#### Source material

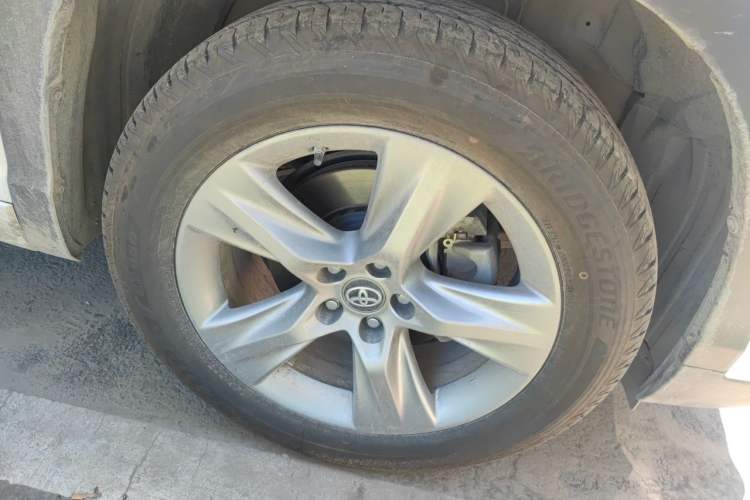 Used Toyota Highlander 2018 2.0T Four-Wheel Drive Luxury Version 7 Seats China VI Standard Right Front Wheel Hub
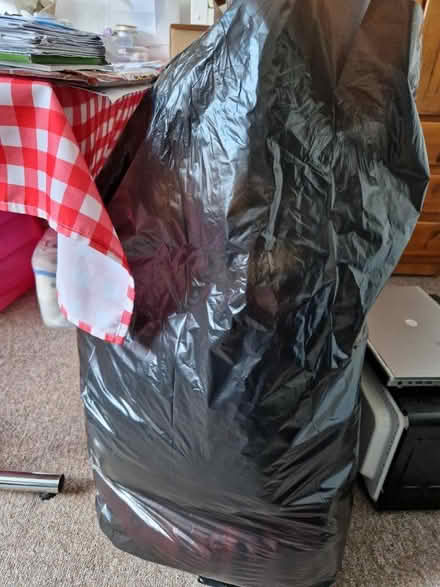 Photo of free Clothes , blanket, cushions , duvet (Luton, Stopsley) #2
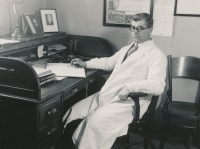 Dědeček Otakar Černý ve funkci ředitele střední školy v Karlíně, asi 1935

########

Work order:
The material above is to be transcribed exactly, with all pictures omitted.

Written solution:
 Used Toyota Highlander 2018 2.0T Four-Wheel Drive Luxury Version 7 Seats China VI Standard Right Front Wheel Hub
 Photo of free Clothes , blanket, cushions , duvet (Luton, Stopsley) #2
 Dědeček Otakar Černý ve funkci ředitele střední školy v Karlíně, asi 1935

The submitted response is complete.